REQUIREMENT
All records are to be reproduced verbatim, with images omitted.

[Opening RECORDS FOR THE EXERCISE section]

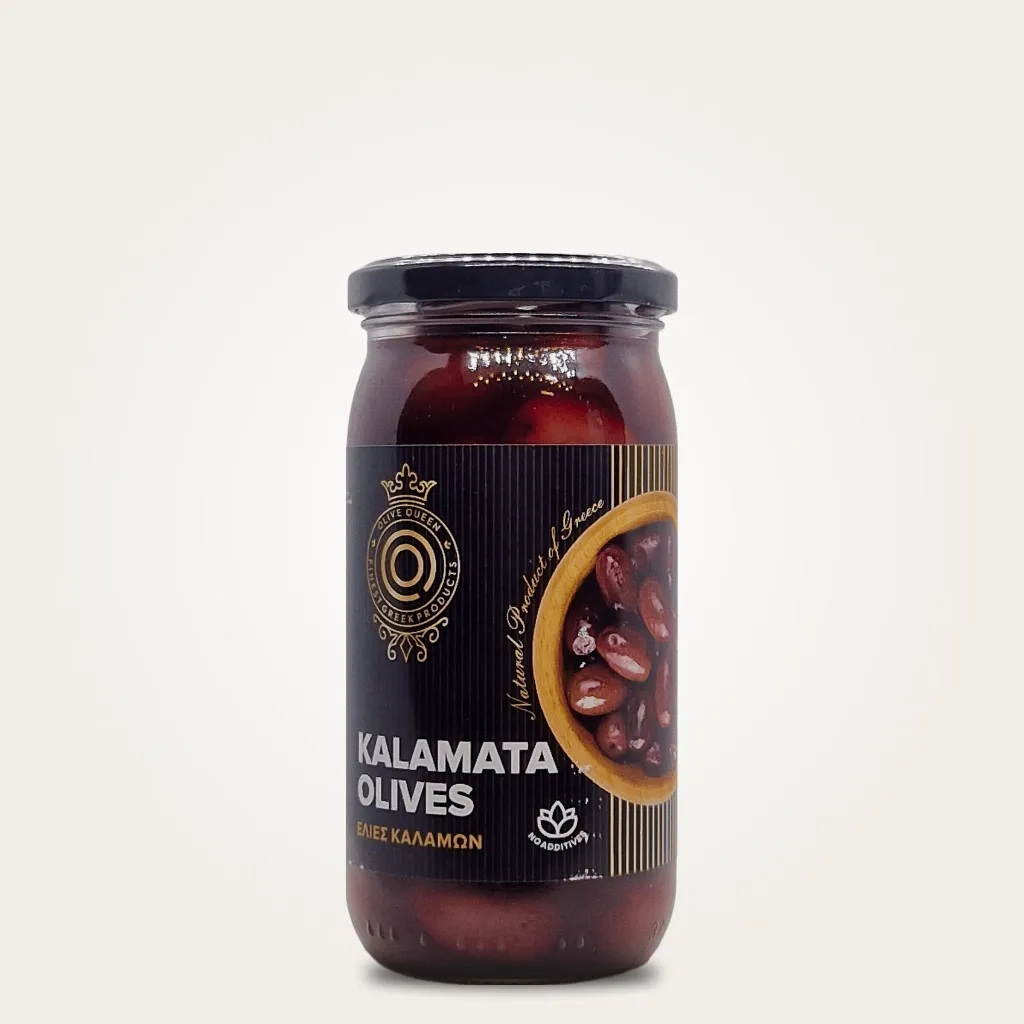 Olive Queen Kalamata Oliven im Glas 215g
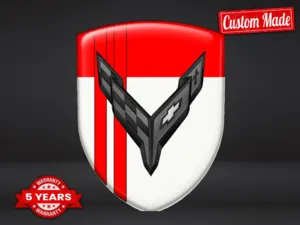 Corvette Etiqueta Impermeable Resistente Deporte Personalizable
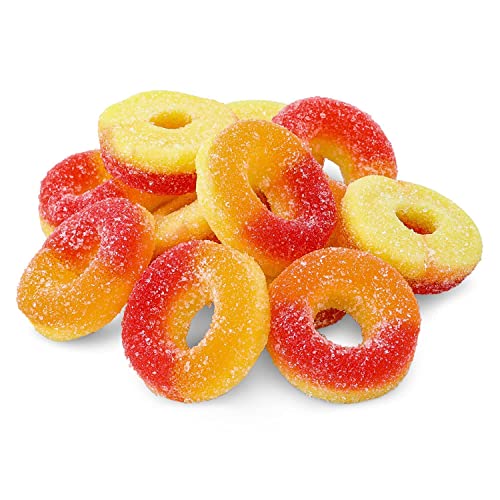 Peach Rings - 5 Pounds - Gummy Rings Candy - Gummy Rings Bulk -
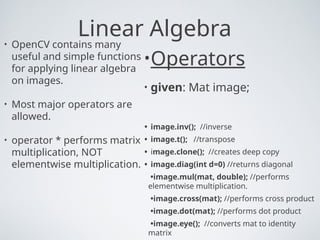 IA image OpenCV Intro_OpenCV IA image OpenCV Intro_OpenCV | PPT
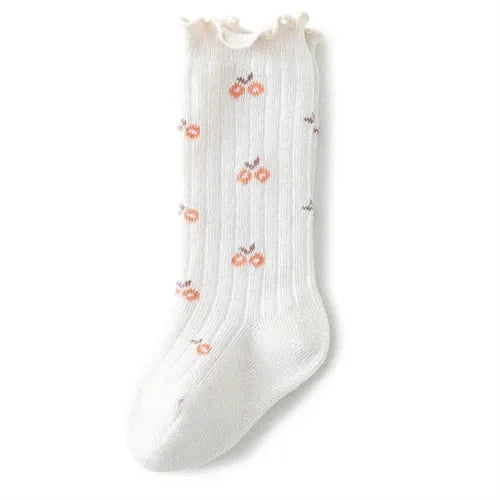 Kids Socks For 0-5 Years Girls Autumn Winter Cotton Print Children's Girls Socks Soft Beauty Toddler Princess Long Sock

[Closing RECORDS FOR THE EXERCISE section]

WRITTEN SOLUTION
 Olive Queen Kalamata Oliven im Glas 215g
 Corvette Etiqueta Impermeable Resistente Deporte Personalizable
 Peach Rings - 5 Pounds - Gummy Rings Candy - Gummy Rings Bulk -
 IA image OpenCV Intro_OpenCV IA image OpenCV Intro_OpenCV | PPT
 Kids Socks For 0-5 Years Girls Autumn Winter Cotton Print Children's Girls Socks Soft Beauty Toddler Princess Long Sock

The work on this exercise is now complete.